As my major hints, I am very passionate about the education of young children and I love talking about what I believe should and should not be taught/said/done in an elementary classroom. That being said, I thought it would be interesting to explore the idea of rhetoric in adolescent classrooms.
From upholding the little white lies about Santa Clause and the Tooth Fairy, to trying to explain why we should be nice to each other, teachers strategically practice the use of rhetoric on a daily basis. Especially at the younger ages of 5-8, children really love one word: “why?”. Because that’s true, teachers must be equipped with a minimum of two different ways of saying the same thing at all times. Whether they are trying to explain why 2+2 equals 4, or tactically answering the “where do babies come from?” question, teachers must always be mindful of what they are saying and more importantly, how they are saying it.

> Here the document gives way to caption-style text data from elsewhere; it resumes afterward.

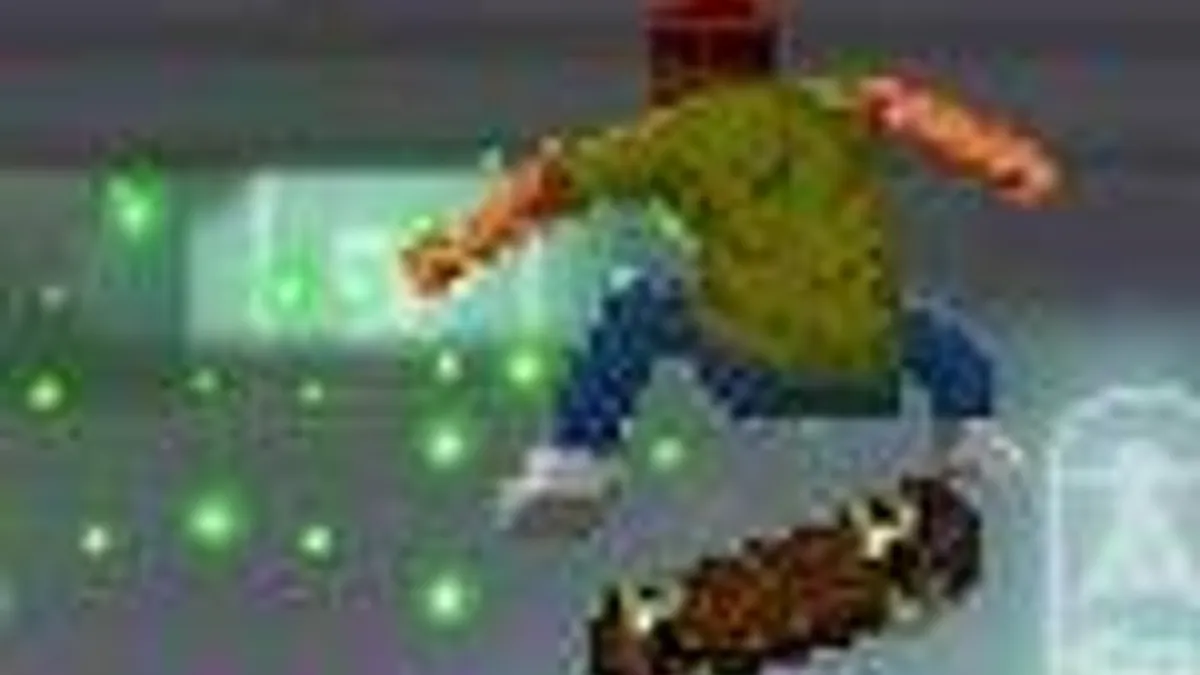 Hlavní obrázek článku: OlliOlli se dostane na Xbox One, Wii U a 3DS v polovině března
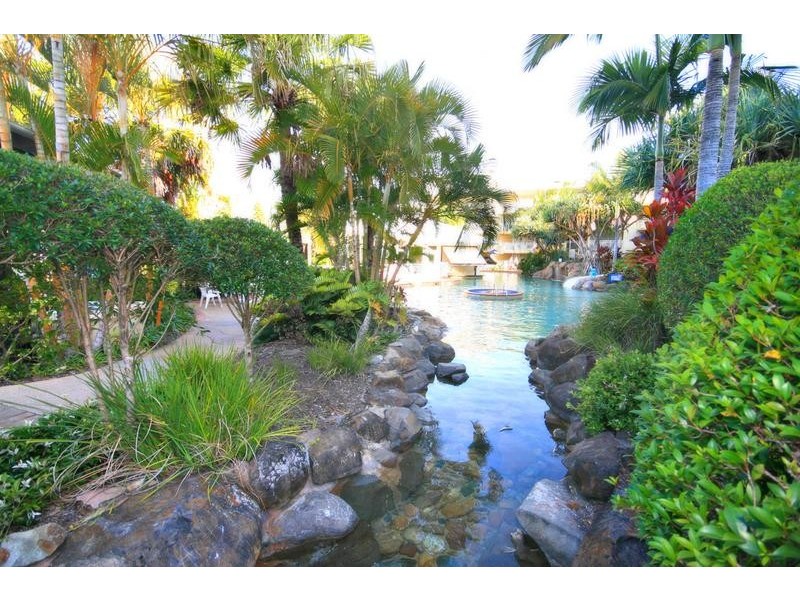 308/180 Alexandra Beach Resort, Alexandra Parade, Alexandra Headland QLD 4572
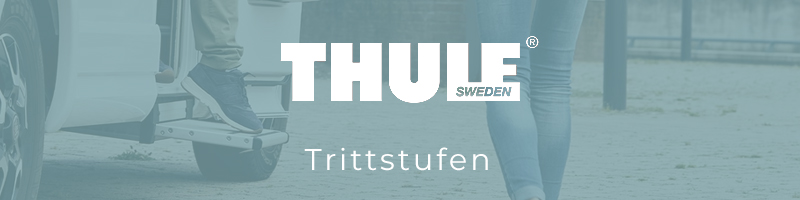 Thule Trittstufen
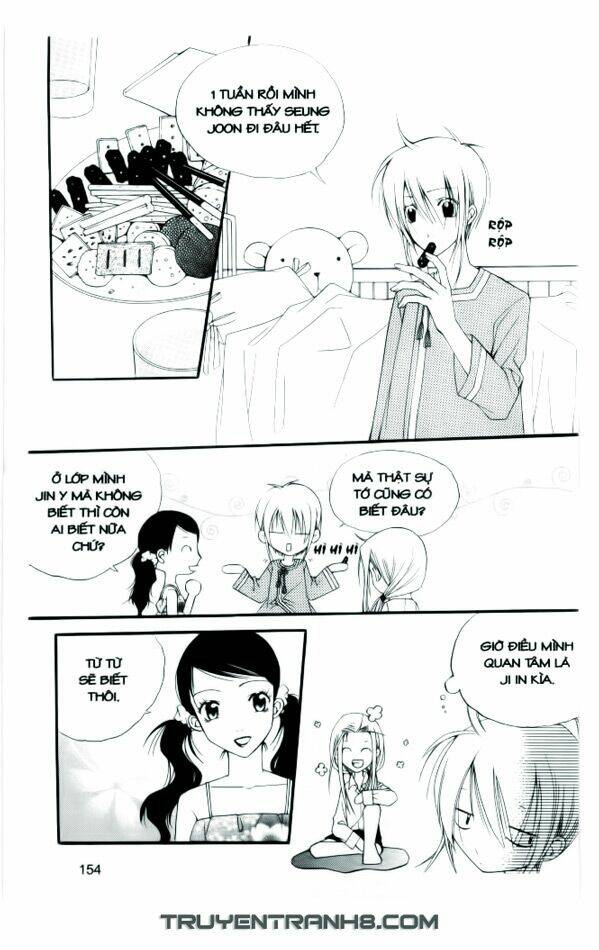 Ngọc Trong Đá-Ace Chapter 7 - Trang 2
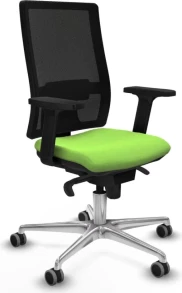 Office Chair Horna Piqueras y Crespo 2D086G0 Pistachio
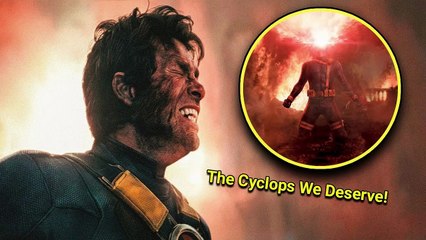 Avengers: Doomsday X‑MEN Trailer at 0.25x Speed 😱 Hidden Details You Missed!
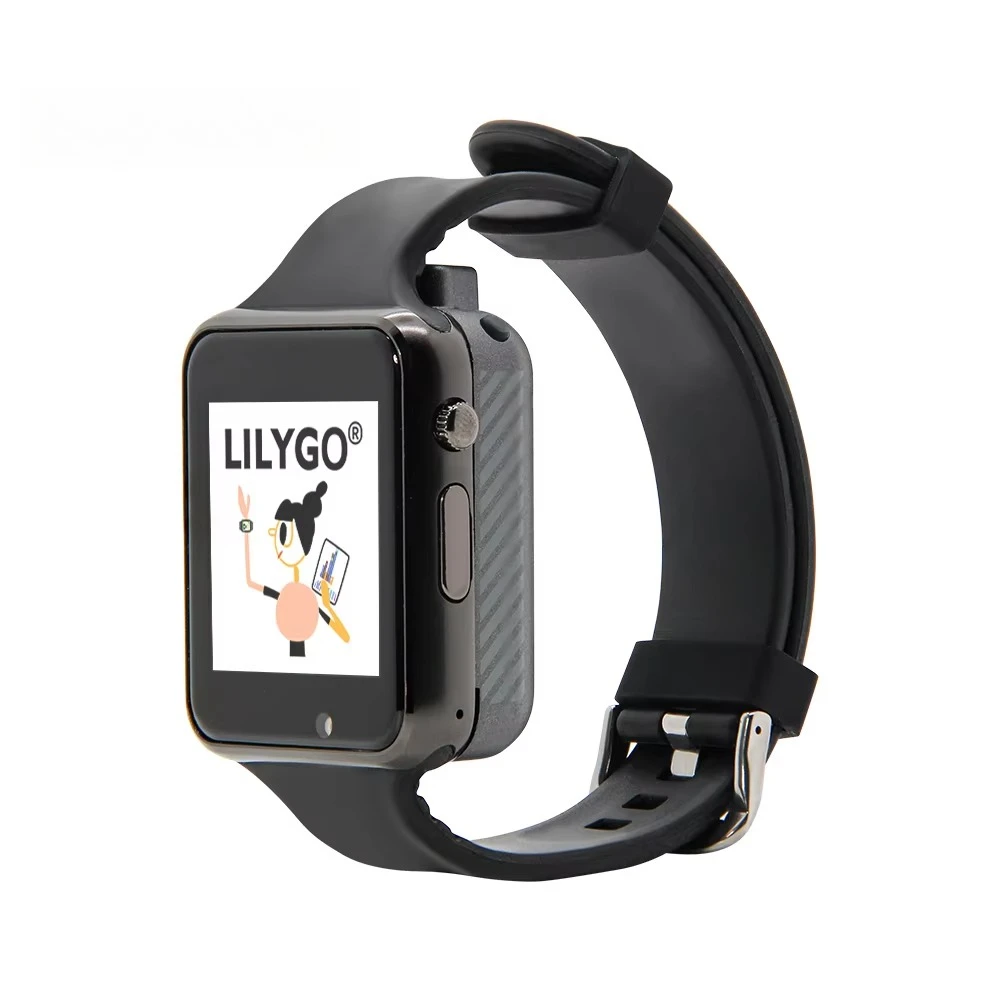 LILYGO T-Watch S3 Plus ESP32-S - Esp32 Development Board 리뷰 및 가격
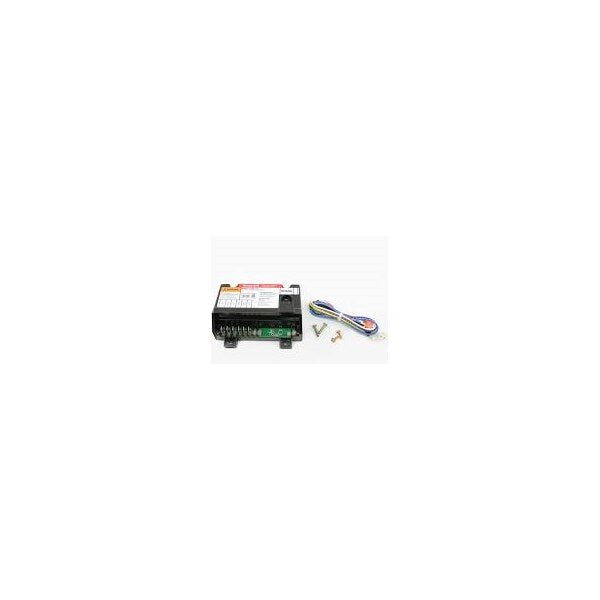 004935F Raypak Electronic Ignition Control with Lockdamper Kit
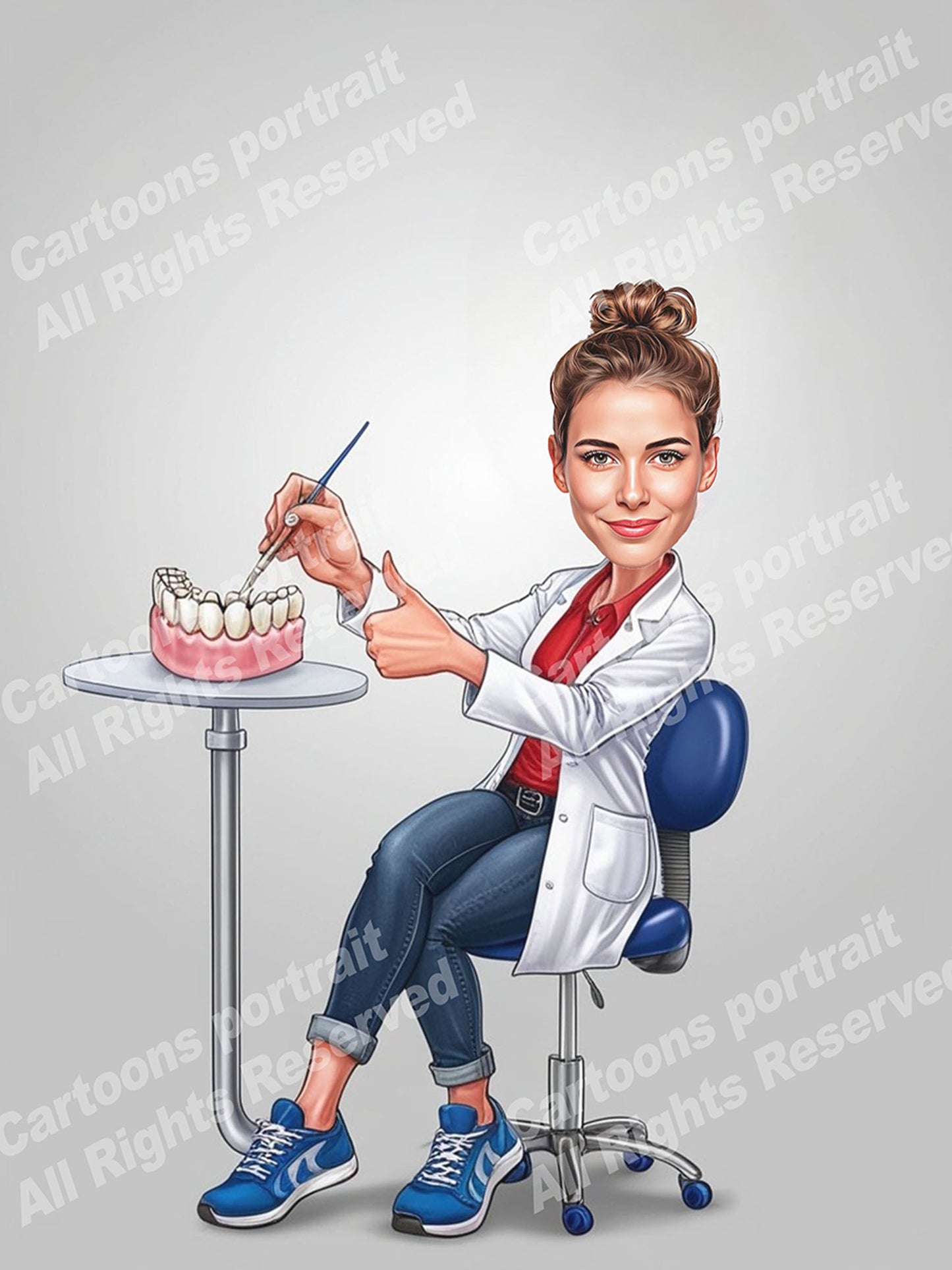 Dental Technician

In my various field placements in the elementary school setting, I have already picked up on some strategies to use for various settings such as trying to draw a child’s attention back into the activity we are doing, or resolving a silly argument between two classmates and carrying on with class. The power of rhetoric is truly huge in the elementary classroom because children’s minds are sponges and they are constantly seeking to know more and understand anything and everything their teachers say. That being said, it is so crucial to use your words wisely in that setting in order to make the most of strategic and educational rhetoric.